GIVEN INFORMATION: Begin

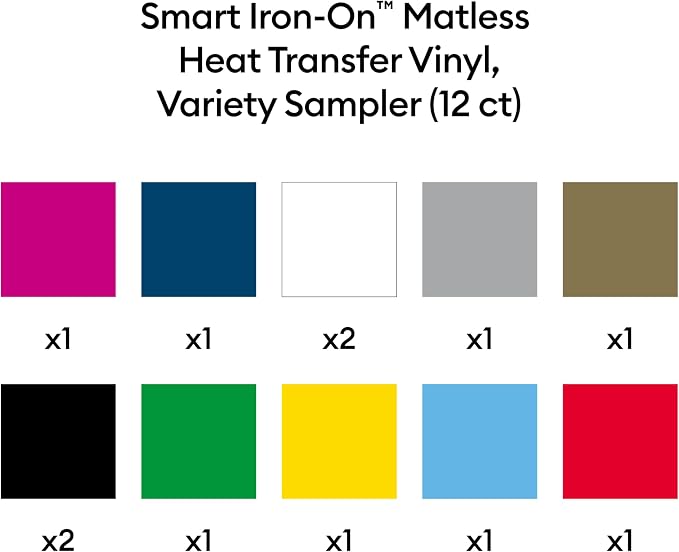 Cricut® Smart Iron-On™ Matless HTV Variety Sampler - 13 in x 12 in | HTV Heat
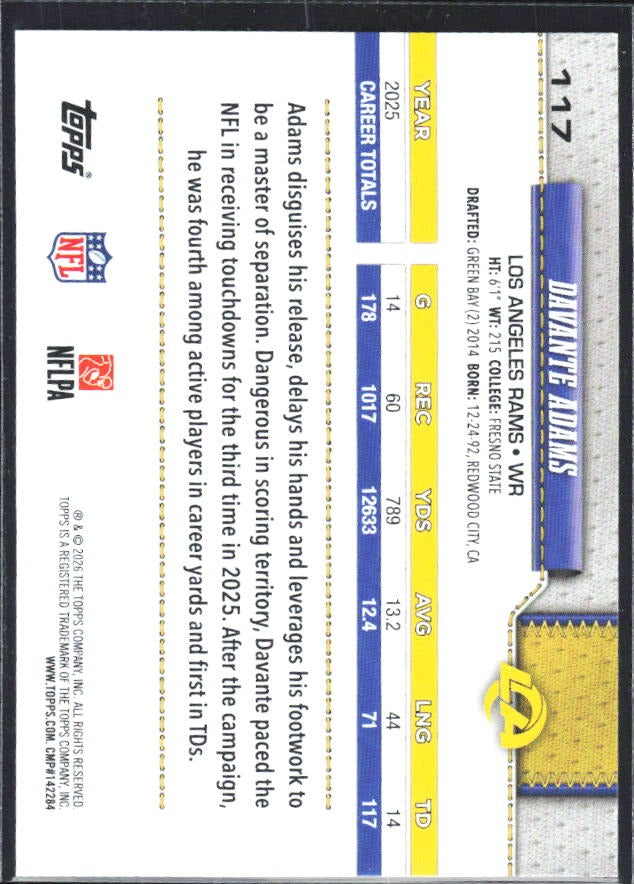 2026 Topps Flagship Football Davante Adams #117 – baksida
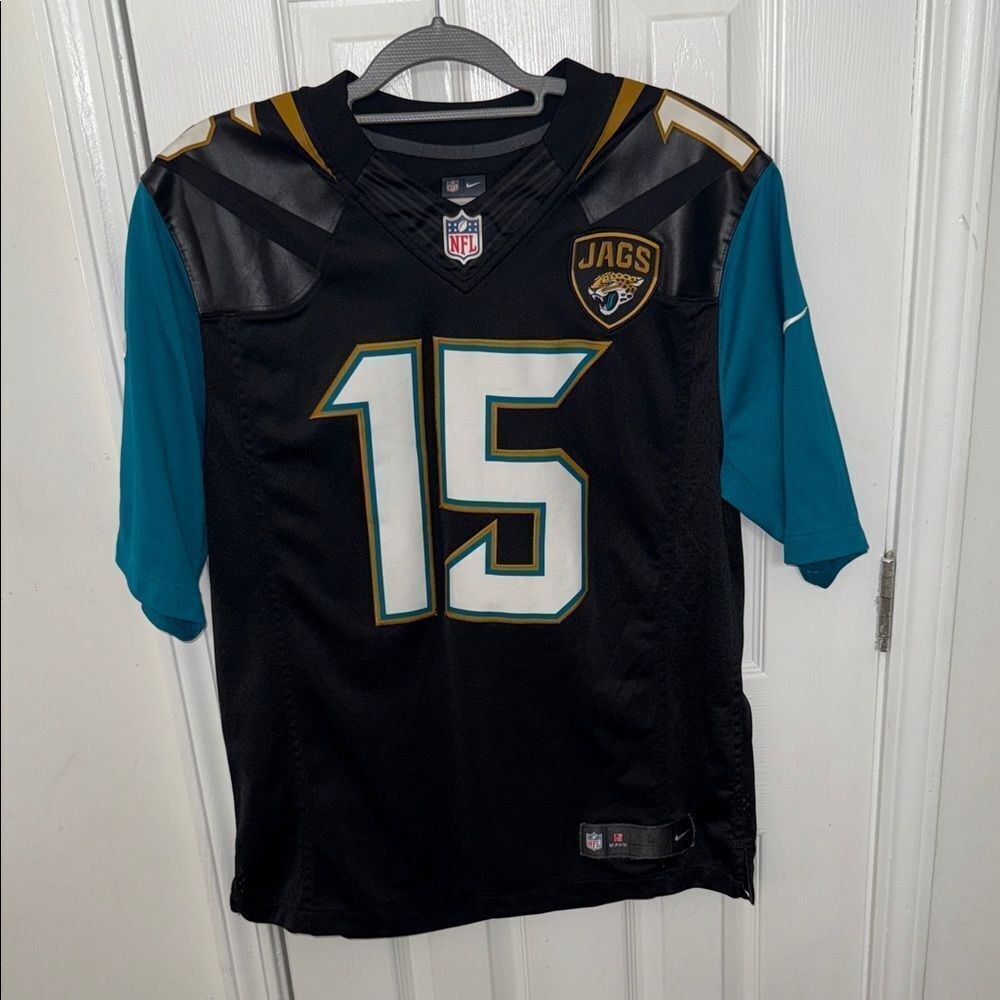 Nike Black and Teal Jaguars Jersey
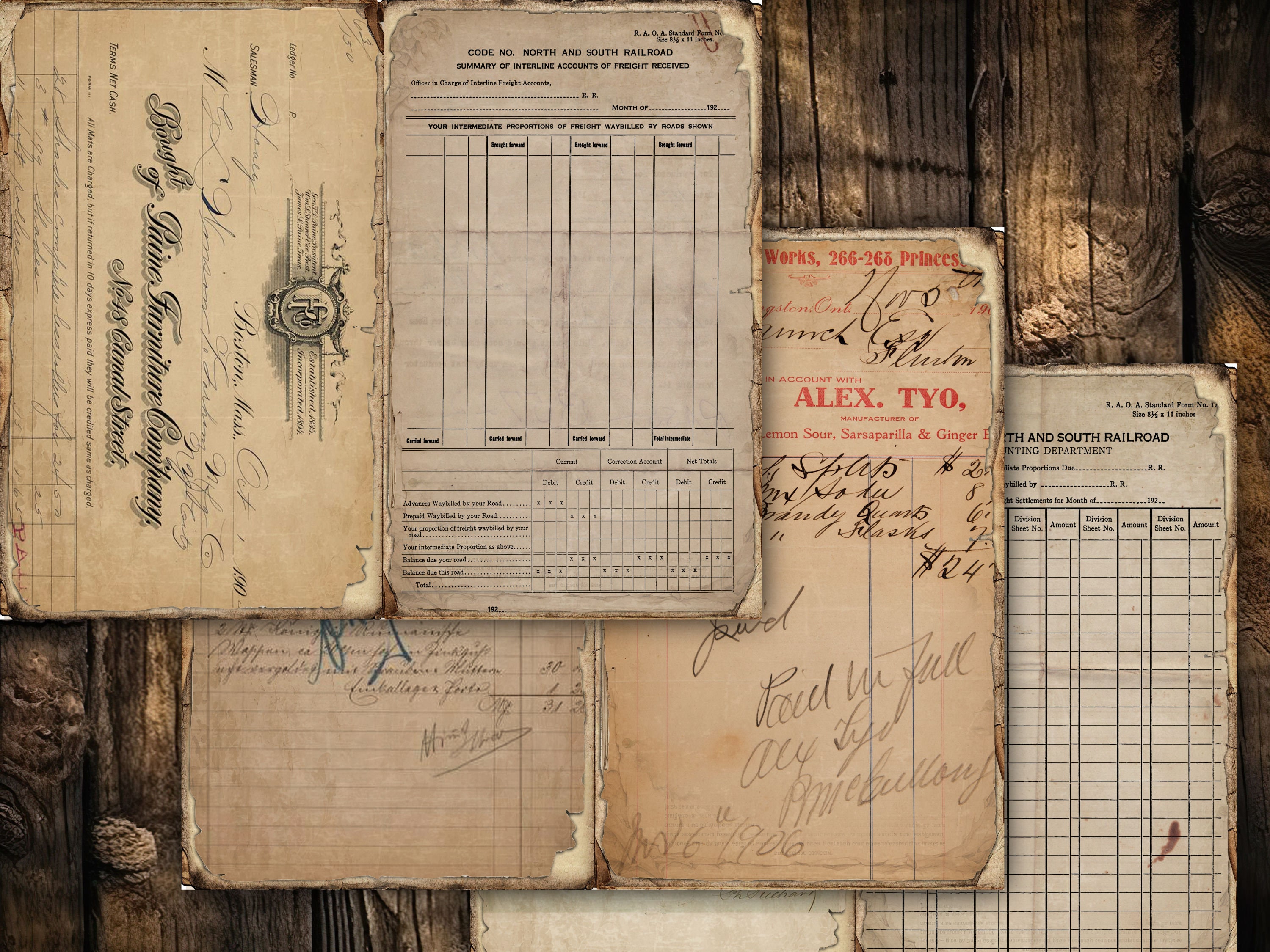 Ledgers Junk Journal Pages Digital Download Scrapbook Paper Kit Collage ...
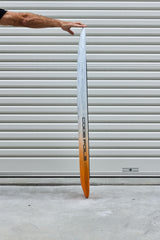 Side profile and rocker of the Code Foils Prone board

GIVEN INFORMATION: End

## TASK DETAILS
Set the pictures aside and transcribe the data above exactly.

## WRITTEN RESPONSE
 Cricut® Smart Iron-On™ Matless HTV Variety Sampler - 13 in x 12 in | HTV Heat
 2026 Topps Flagship Football Davante Adams #117 – baksida
 Nike Black and Teal Jaguars Jersey
 Ledgers Junk Journal Pages Digital Download Scrapbook Paper Kit Collage ...
 Side profile and rocker of the Code Foils Prone board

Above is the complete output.